Fig 4. Spatial distribution of full-time jobs (top) and full-time working population (bottom) at each TAZ for Toronto as provided by the 2016 TTS.

Black lines represent expressways and black dashed lines represent subway lines. All white TAZ have no worker population or jobs.

Next, the spatial distribution of the estimated car travel time (green) and the associated standard deviation (grey) is visualized in Fig 5. Overall, it can be seen that car travel time is lower within the downtown core and higher outside of the downtown core. Trends from both plots indicate that trips originating from within the center of Toronto are shorter and more similar in length than trips originating from closer to the Toronto boundaries.

Fig 5. Mean car travel time to jobs per origin (top) and standard deviation of car travel times per origin (bottom) for the city of Toronto.

Origin destination flows are provided by the 2016 TTS and car travel times estimated using r5r. Black lines represent expressways and black dashed lines represent subway lines. White TAZ represent a TAZ with no workers hence no travel time.
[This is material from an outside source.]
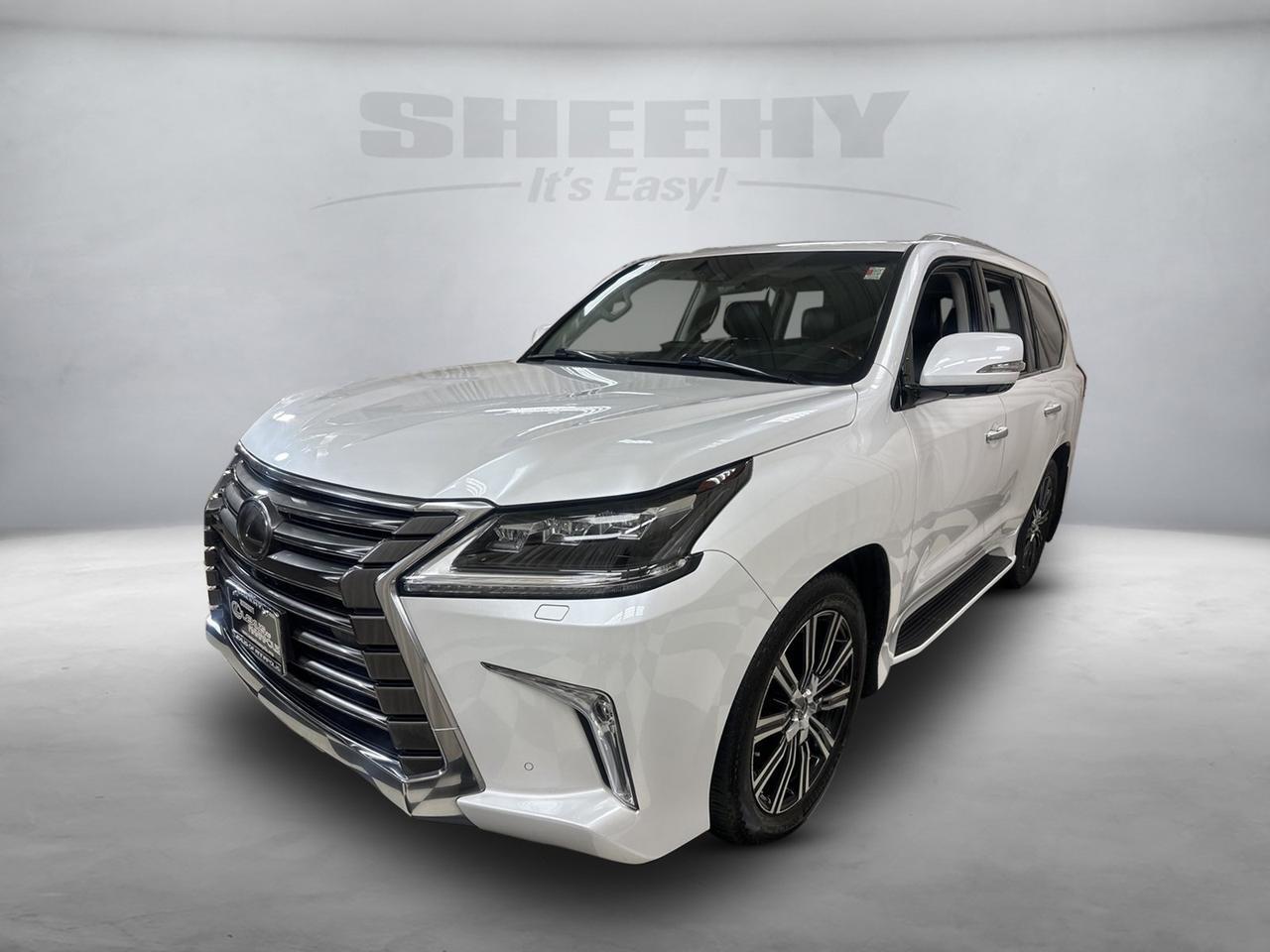 2019 Lexus LX 570 Annapolis MD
Calibration of an impedance function for Toronto

In the synthetic example introduced in Section 2, we use a negative exponential function with the parameter reported by Shen (1998) [35]. For the empirical Toronto data set, we calibrate an impedance function on the trip length distribution (TLD) of commute trips. Briefly, a TLD represents the proportion of trips that are taken at a specific travel cost (e.g., travel time); this distribution is commonly used to derive impedance functions in accessibility research [72–74].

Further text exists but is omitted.